Excerpted records below:

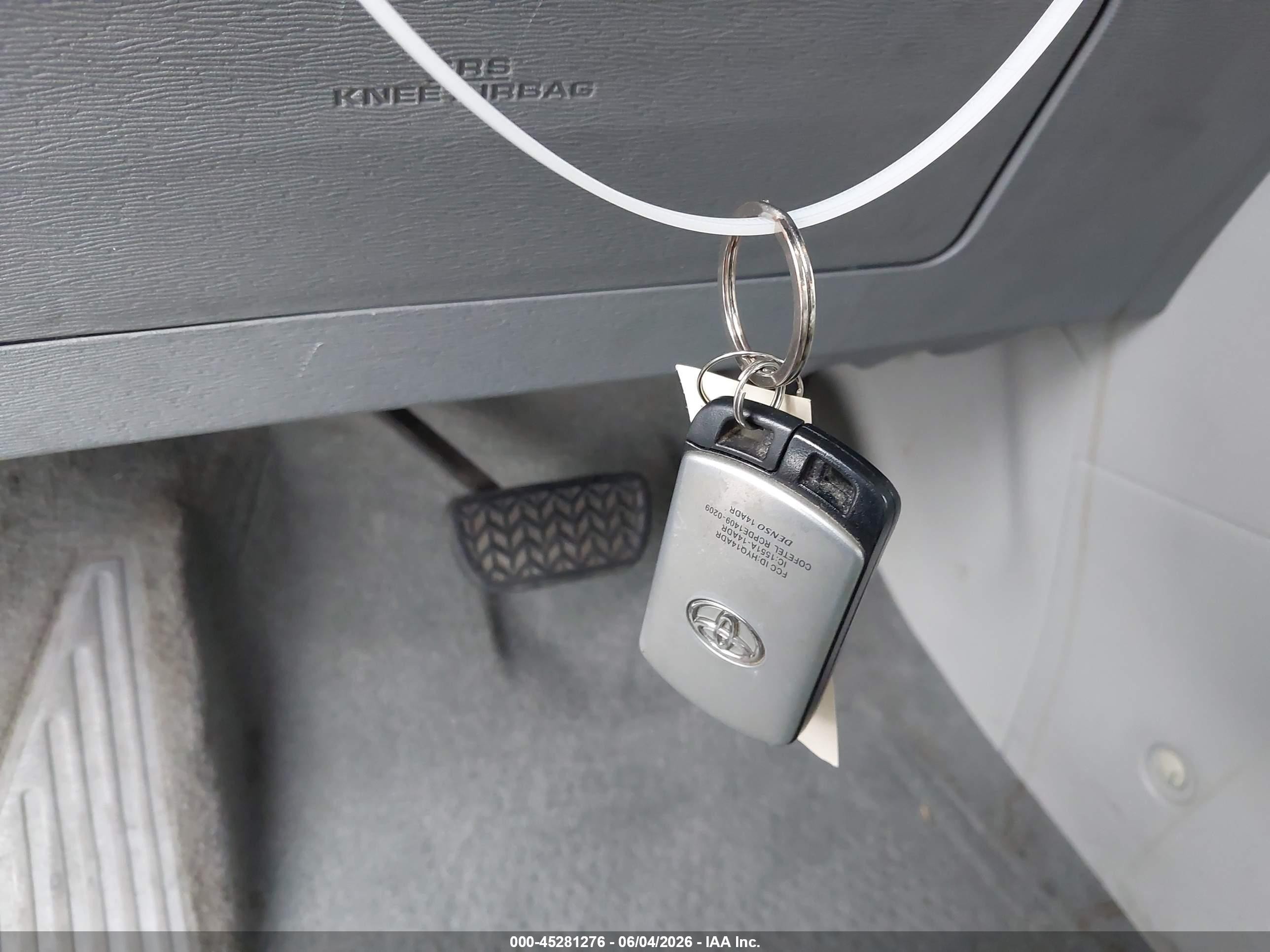 2014 Toyota Sienna Xle V6 8 Passenger Gray vin: 5TDYK3DC2ES464480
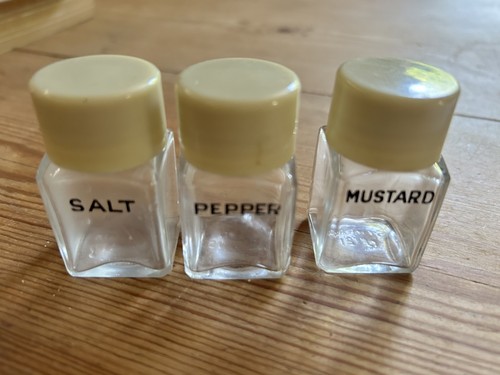 Vintage sirram picnic salt - vintage,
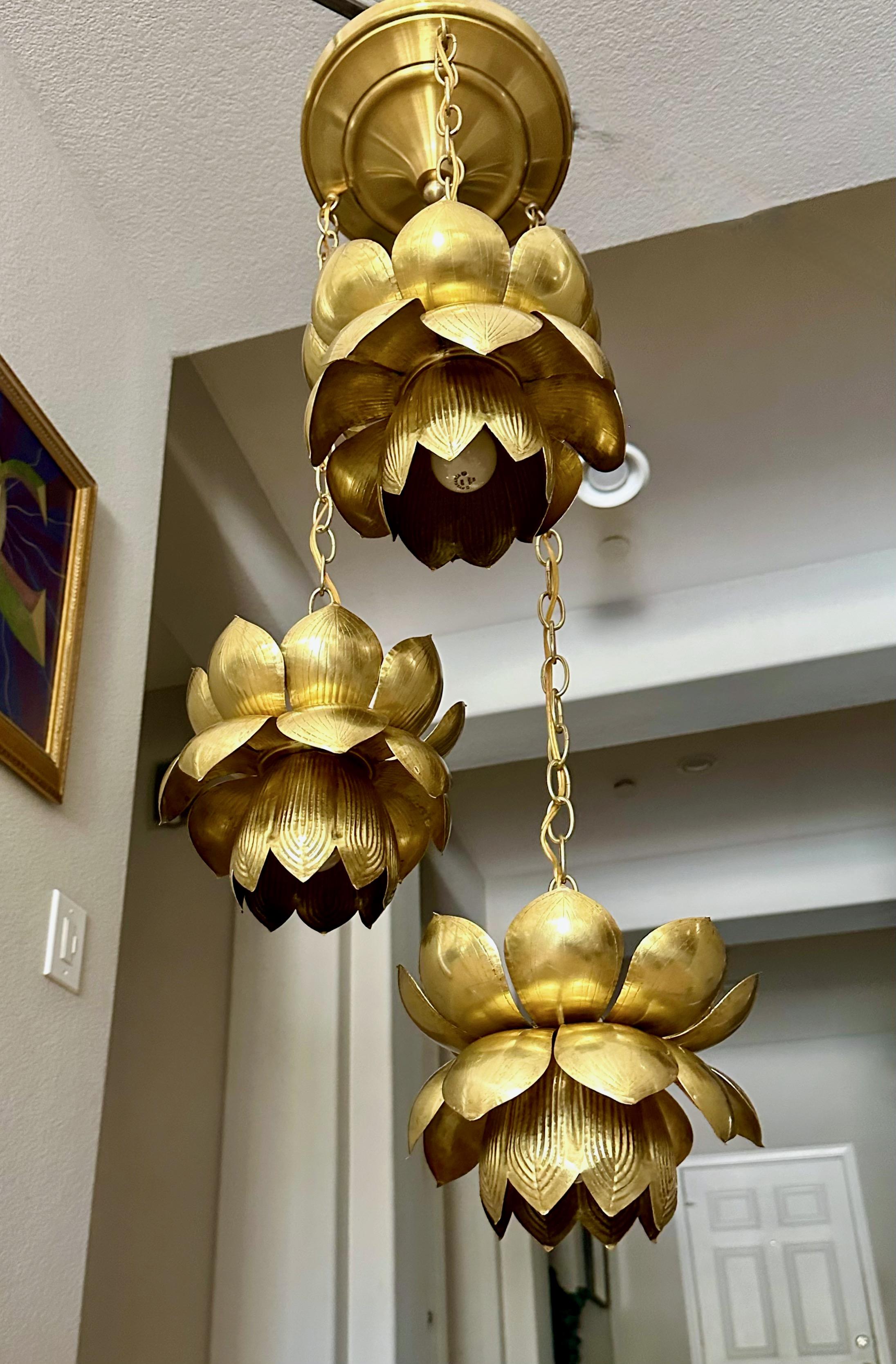 Feldman Trio 3 lampe à suspension lotus en laiton en vente 1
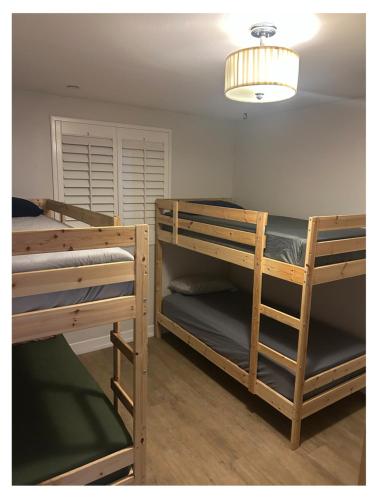 two bunk beds in a room with a lamp at Normandie Good Vibes Only in Los Angeles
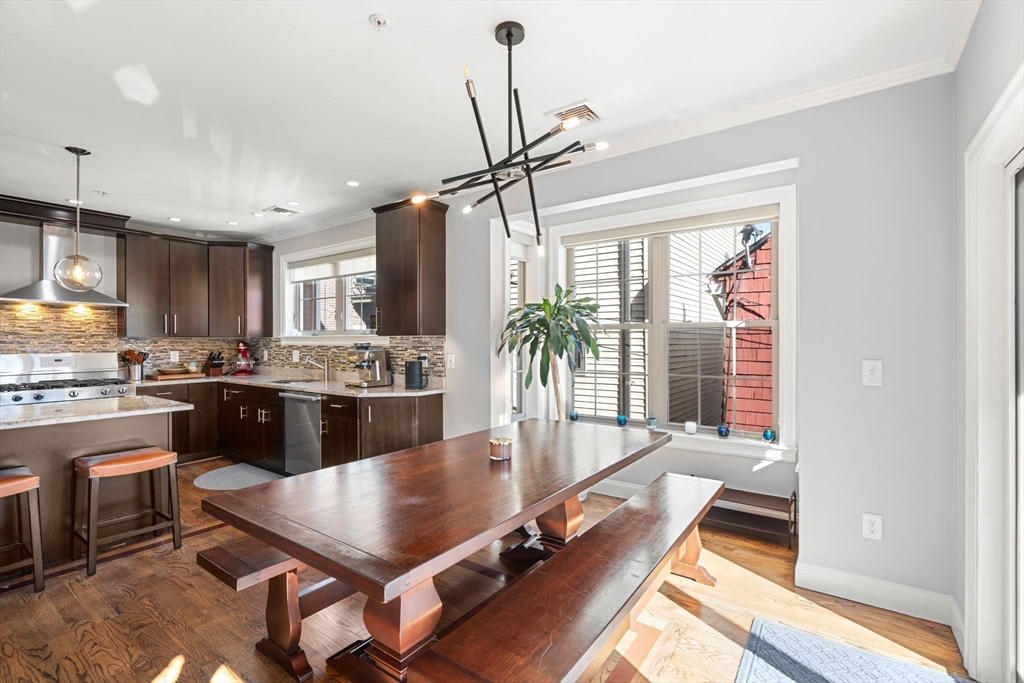 553 E 1st St # 2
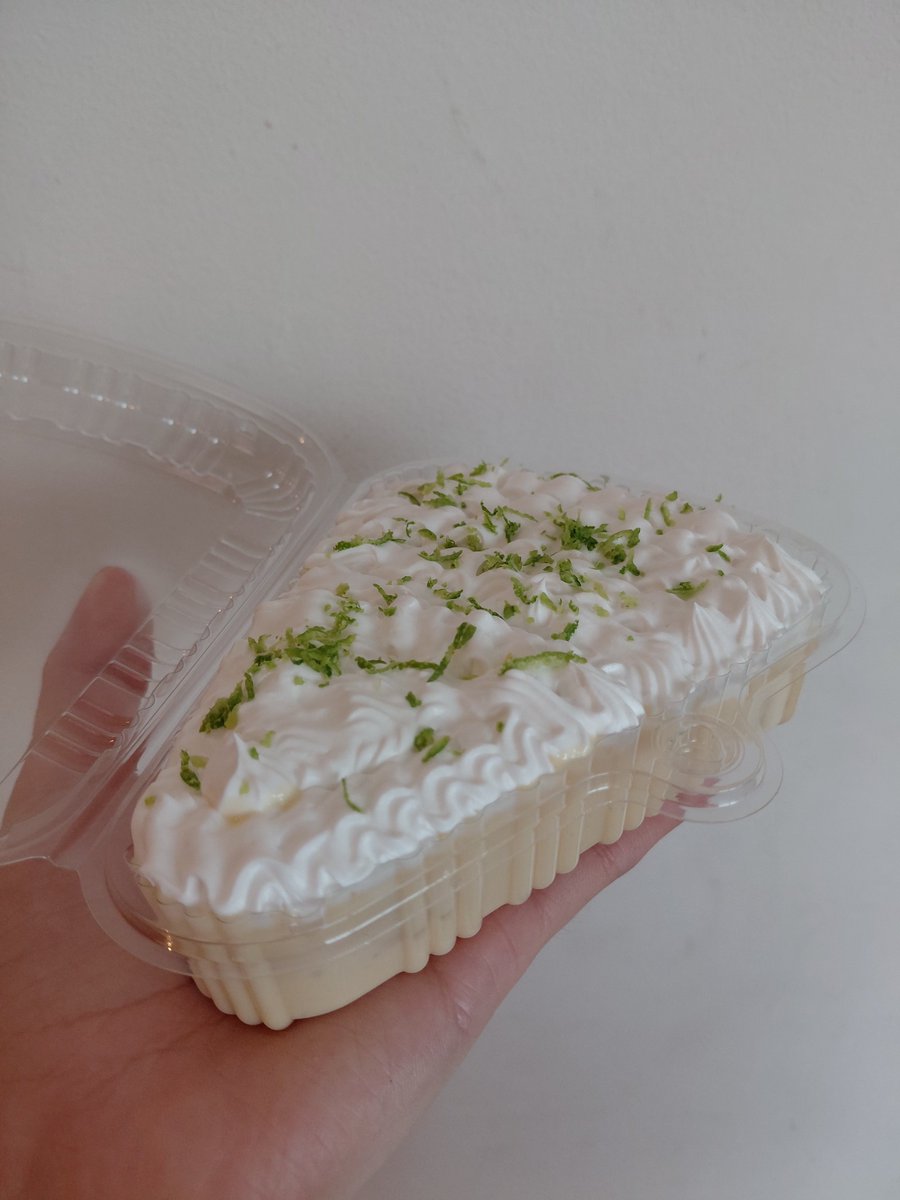 ADICCIONIALL's tweet photo. estoy sacando para hoy carlotas de limón con crema chantillí🫶🏻 tengo disponibles varios tamaños y precios, pueden escribirme al privado si desean comprarme postrecitos o si desean algún otro servicio de mi trabajo🥹 agradezco mucho la difusión ya que necesito cubrir mis gastos🙏🏻 https://t.co/6x3ex8XjCH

End of Excerpted records.

In your copy of the records above, include no pictures and match every line exactly.

Answer to the exercise:
 2014 Toyota Sienna Xle V6 8 Passenger Gray vin: 5TDYK3DC2ES464480
 Vintage sirram picnic salt - vintage,
 Feldman Trio 3 lampe à suspension lotus en laiton en vente 1
 two bunk beds in a room with a lamp at Normandie Good Vibes Only in Los Angeles
 553 E 1st St # 2
 ADICCIONIALL's tweet photo. estoy sacando para hoy carlotas de limón con crema chantillí🫶🏻 tengo disponibles varios tamaños y precios, pueden escribirme al privado si desean comprarme postrecitos o si desean algún otro servicio de mi trabajo🥹 agradezco mucho la difusión ya que necesito cubrir mis gastos🙏🏻 https://t.co/6x3ex8XjCH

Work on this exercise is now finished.